_How to complete this task_.
In the records below, repeat word for word only the lines starting at the one that contains "volkswagen fox 1.6" and ending at the one that contains "9577 Majestic Way, Boynton Beach, FL 33437", pictures excluded.

_Data for processing_.
-- Opening Marker --
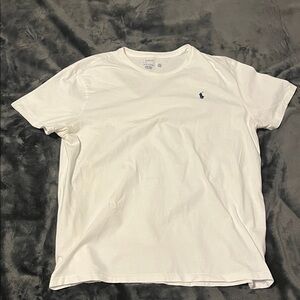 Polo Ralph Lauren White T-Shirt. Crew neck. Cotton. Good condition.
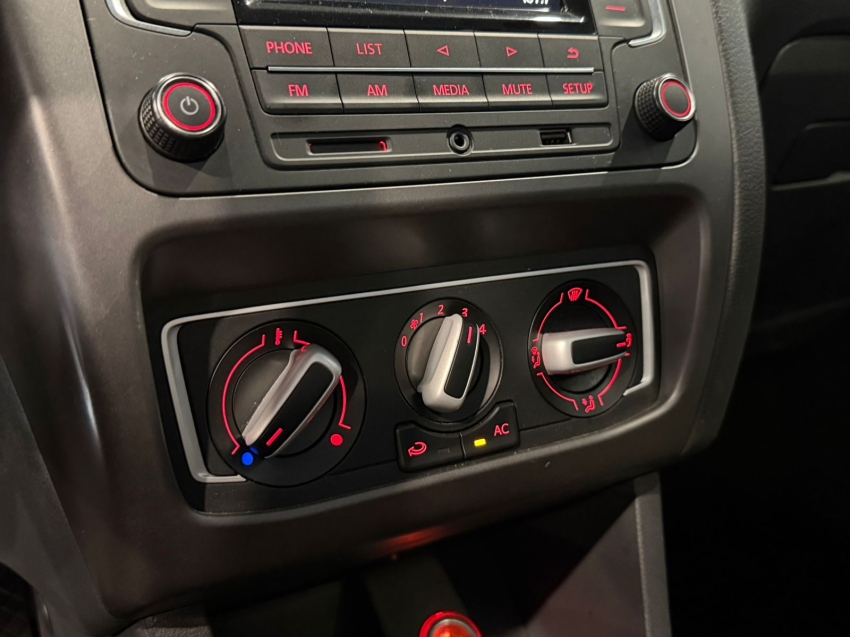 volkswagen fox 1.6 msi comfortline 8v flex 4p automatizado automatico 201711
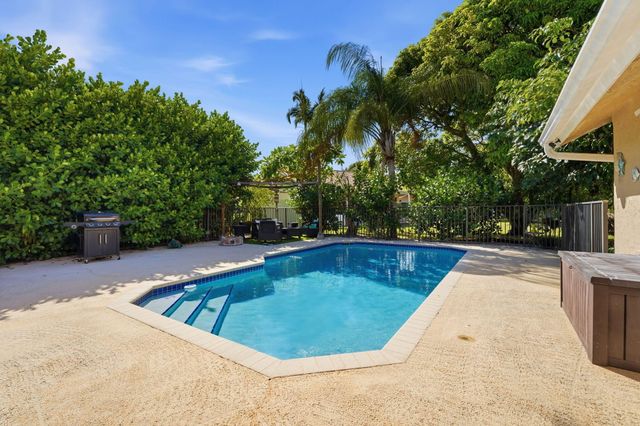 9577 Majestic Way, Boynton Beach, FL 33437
-- Closing Marker --
-- Opening Marker --
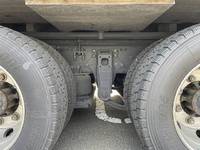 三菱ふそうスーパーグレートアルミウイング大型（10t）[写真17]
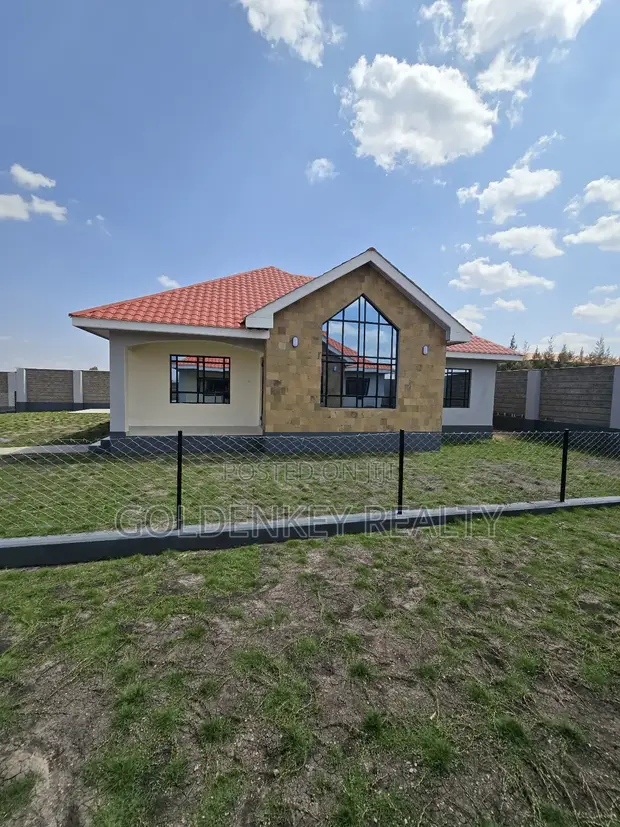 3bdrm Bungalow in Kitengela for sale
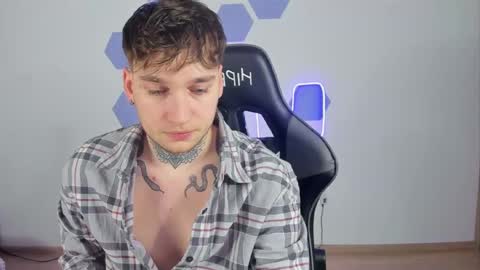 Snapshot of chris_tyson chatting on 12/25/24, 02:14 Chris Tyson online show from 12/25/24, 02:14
-- Closing Marker --
-- Opening Marker --
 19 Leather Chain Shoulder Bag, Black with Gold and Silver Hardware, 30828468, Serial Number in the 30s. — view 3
-- Closing Marker --
_Result for this task_.
 volkswagen fox 1.6 msi comfortline 8v flex 4p automatizado automatico 201711
 9577 Majestic Way, Boynton Beach, FL 33437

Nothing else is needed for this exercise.